─── Extracted information
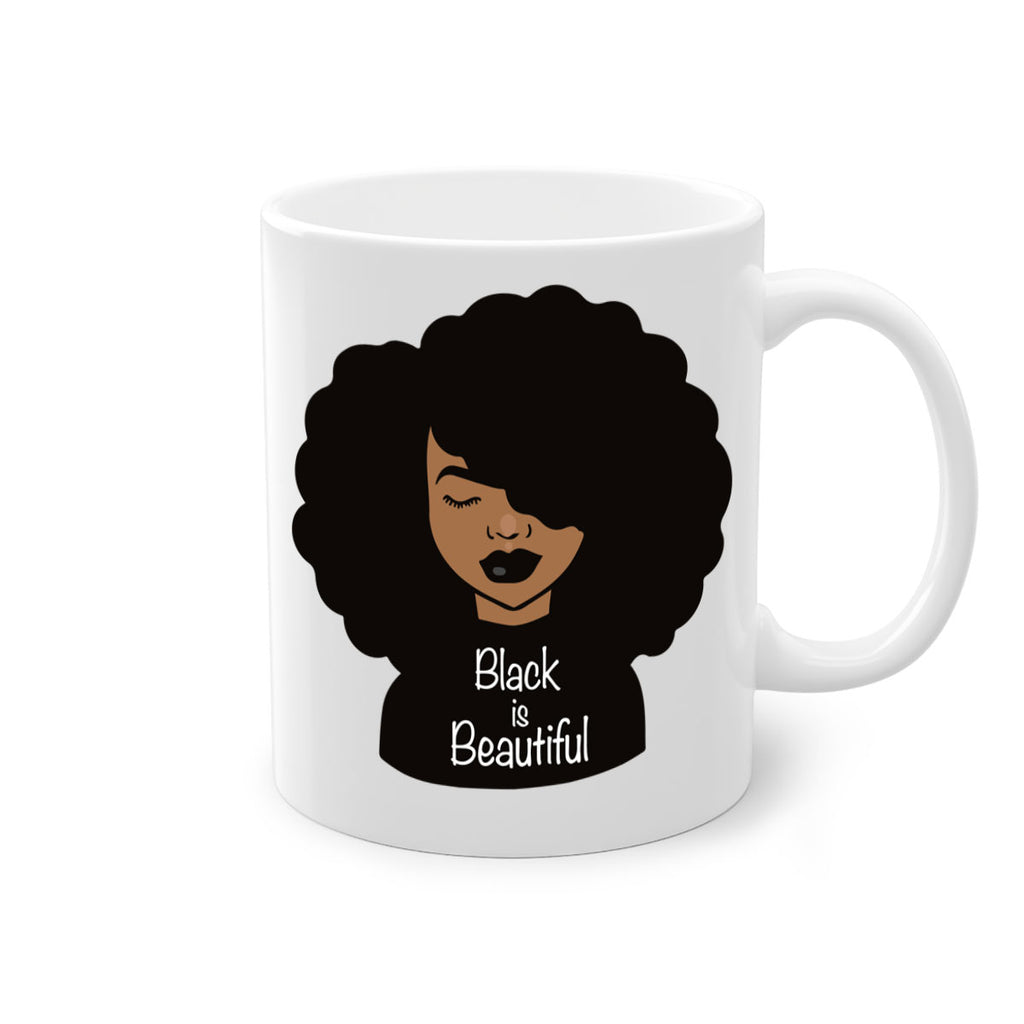 black is beautiful 12#- Black women - Girls-Mug / Coffee Cup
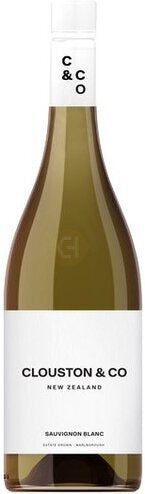 Clouston & Co. Sauvignon Blanc 2021 2021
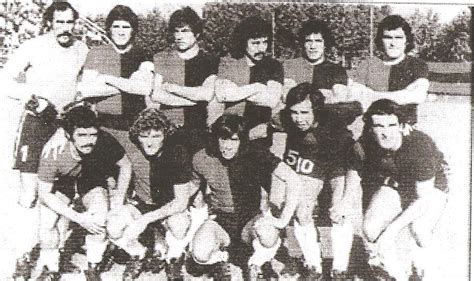 Enfrente se encontraba talleres de cordoba, un equipazo que venia año tras año cumpliendo con muy buenas actuaciones en los. historiayfutbol: Argentina: 1ra. División AFA 1977 Campeonato Nacional Zona "A"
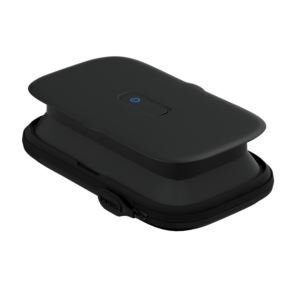 UV-CLEAN+Phone+Sanitizer+Black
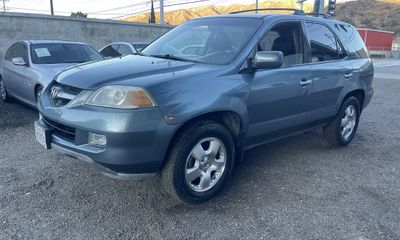 2005 Acura MDX Base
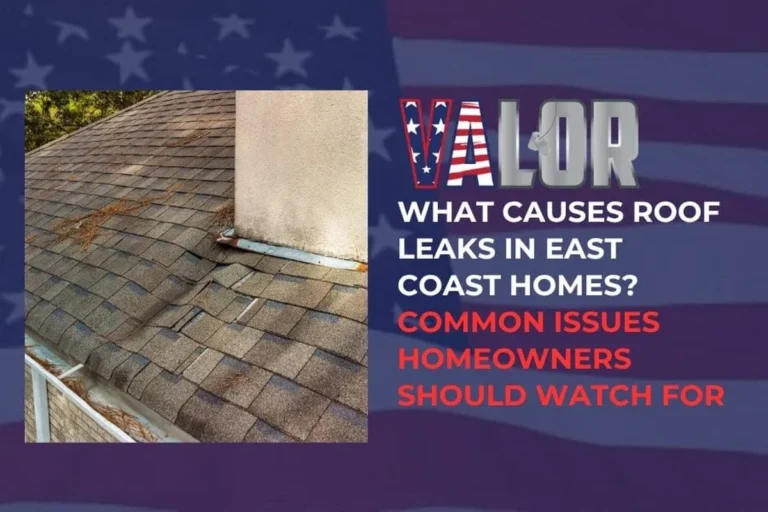How to Fix a Leak in the Roof and Protect Your Home Today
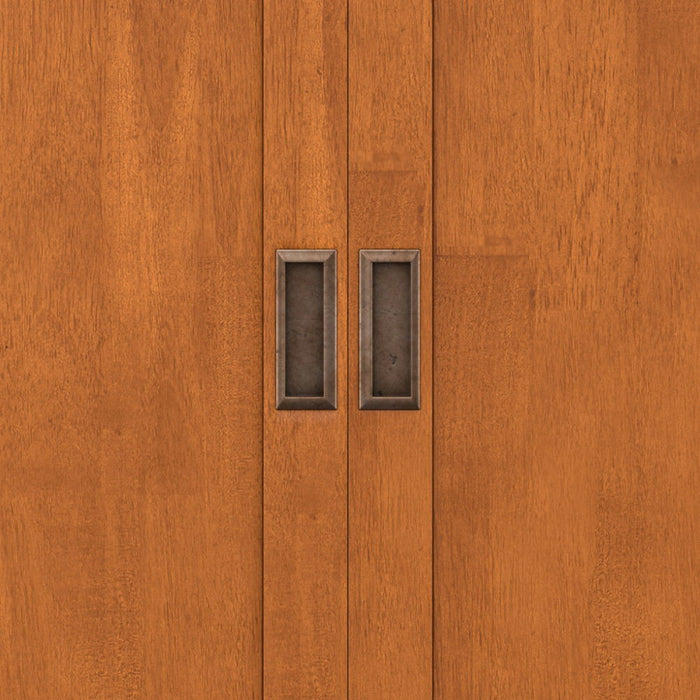 Draper - Mid Century Bar Cabinet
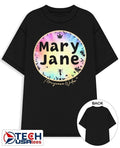 Mary Jane Marijuana Widow shirt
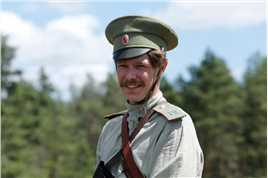 战火劫难Kapitan Andrey Grivtsov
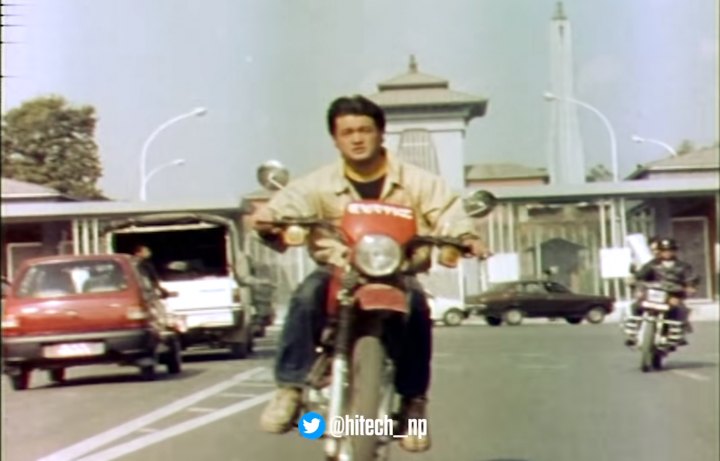 1998 Maruti 800 Type II [SB308]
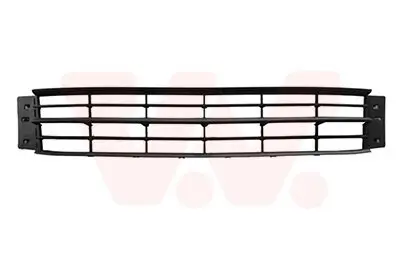 Lüftungsgitter, Stoßfänger vorne VAN WEZEL 7629590 Bild Lüftungsgitter, Stoßfänger vorne VAN WEZEL 7629590
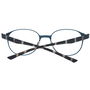 Monture de Lunettes Homme Porsche Design P8345-50E Bleu Ø 50 mm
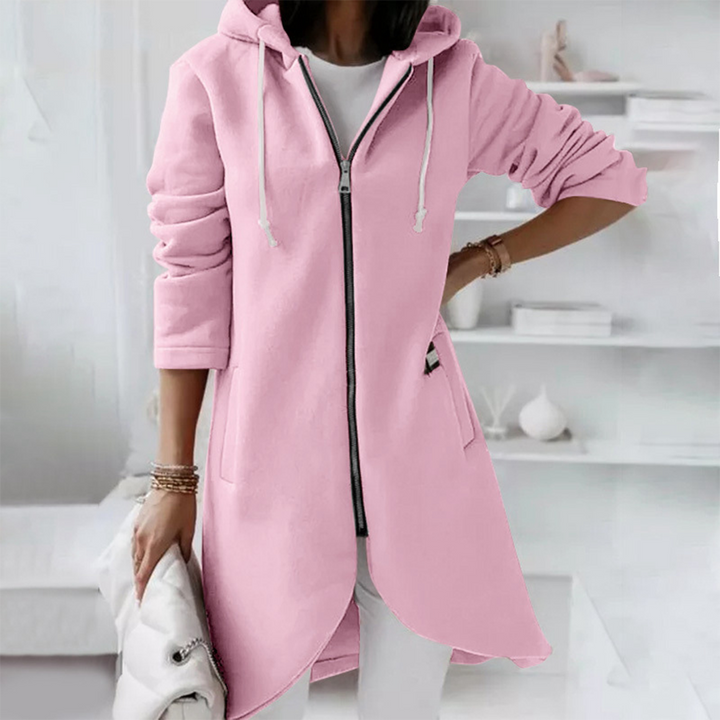JEMMA - Stilvolle und bequeme strickjacke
──────
__To do__: Write all the lines above out again exactly, minus the images.

__Solution below__:
 black is beautiful 12#- Black women - Girls-Mug / Coffee Cup
 Clouston & Co. Sauvignon Blanc 2021 2021
 Enfrente se encontraba talleres de cordoba, un equipazo que venia año tras año cumpliendo con muy buenas actuaciones en los. historiayfutbol: Argentina: 1ra. División AFA 1977 Campeonato Nacional Zona "A"
 UV-CLEAN+Phone+Sanitizer+Black
 2005 Acura MDX Base
How to Fix a Leak in the Roof and Protect Your Home Today
 Draper - Mid Century Bar Cabinet
 Mary Jane Marijuana Widow shirt
 战火劫难Kapitan Andrey Grivtsov
 1998 Maruti 800 Type II [SB308]
 Lüftungsgitter, Stoßfänger vorne VAN WEZEL 7629590 Bild Lüftungsgitter, Stoßfänger vorne VAN WEZEL 7629590
 Monture de Lunettes Homme Porsche Design P8345-50E Bleu Ø 50 mm
JEMMA - Stilvolle und bequeme strickjacke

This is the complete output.